Effondrement!

Les HaÏtiens ne contrôlent plus  leur territoire », c’est la déclaration troublante de vérité d’un officiel dominicain lors de la dernière réunion de l’OEA sur Haïti. Un événement officiel qui devait se dérouler au Pont-Rouge ce 17 octobre n’a pu avoir lieu en raison de la confiscation de cet espace de mémoire par des groupes armés.

De nombreux citoyens ont été enlevés encore une fois ce week-end comme s’il s’agissait d’un rendez-vous fatal, auquel personne, y compris la Police, n’y peut rien.

Un autocar rempli d’étrangers américains et canadiens a été détourné en direction de la base du groupe dénommé « 400 mawozo ». Un groupe connu pour ses enlèvements spectaculaires et qui écume La Plaine du Cul-de-sac.

Tous ces kidnappings complètent un impressionnant tableau de chasse que des bandits sans foi ni loi exhibent en toute impunité au nez et à la barbe des autorités impuissantes et d’une communauté internationale outrée, mais indifférente, se gargarisant de promesses d’aide et dont la mythique sœur Anne ne voit toujours rien venir 

Le « Washington Post »  annonçait la semaine passée qu’à côté du titre peu enviable de pays le plus pauvre de l’hémisphère occidental, Haïti serait devenu le pays au taux le plus élevé de kidnappings. La destruction sauvage du village de Noailles rappelle un acte de guerre. L’assassinat crapuleux du sculpteur Béloni est une main honteuse portée contre un de nos plus grands créateurs.

Le gouvernement actuel issu de bric et de broc d’un accord entre le défunt président et l’actuel Premier ministre Ariel Henry est comme hypnotisé par ce « serpent maléfique » de l’insécurité dont les anneaux de terreur étranglent les familles haïtiennes et étrangères présentes sur le territoire

La puissance économique et militaire des gangs est telle qu’ils disposent d’agents de renseignement, de policiers infiltrés et de franchises sous le contrôle de sous-chefs de quartiers.

La carte stratégique du pays est redessinée par des caciques du crime organisé et l’économie sous-terraine affiche une arrogante croissance au détriment de l’économie réelle.

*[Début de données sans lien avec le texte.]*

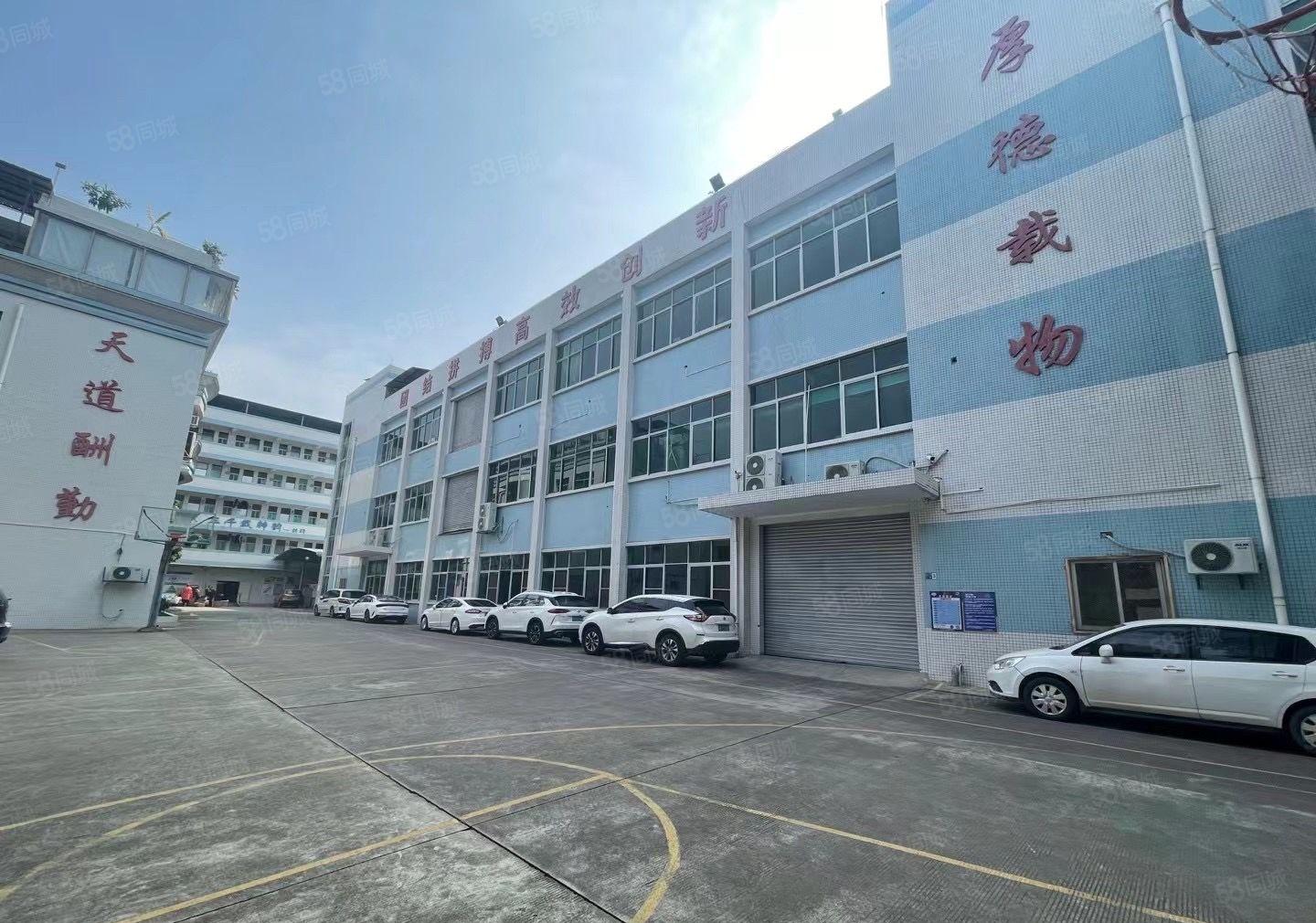 塘厦科苑城三楼厂房1300平方，实际面积出租，现成办公室装修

Mais il n’y a pourtant pas de fatalité. Il y a moyen de s’attaquer au fléau si, conscients du danger, les représentants de la société civile et des partis politiques tentent un rapprochement en ce qui concerne leurs visions respectives de la gouvernance de la transition. Et si surtout, une médiation nationale émerge au milieu du bruit et de la fureur pour trouver une solution haïtienne sans exclusive, dans le respect des uns et des autres, sans tentation hégémonique.

La société haïtienne montre qu’elle a encore des « muscles » avec l’opération «  ville morte » déclenchée à la faveur de la grève des transporteurs. Il manque cependant, depuis quelques années à la lutte pour le relèvement national une pensée stratégique capable d’orienter pour le meilleur nos luttes trop souvent récupérées et annihilées dans une forme d’anarchie improductive.   

Le Léviathan qui nous menace n’a jamais été aussi puissant et de nos divisions il croît et se fortifie. Si nous ne mettons pas ensemble nos énergies pour combattre l’insécurité et cet effondrement institutionnel et moral, aucun groupe, aussi bien intentionné soit-il, ne pourra diriger ce pays.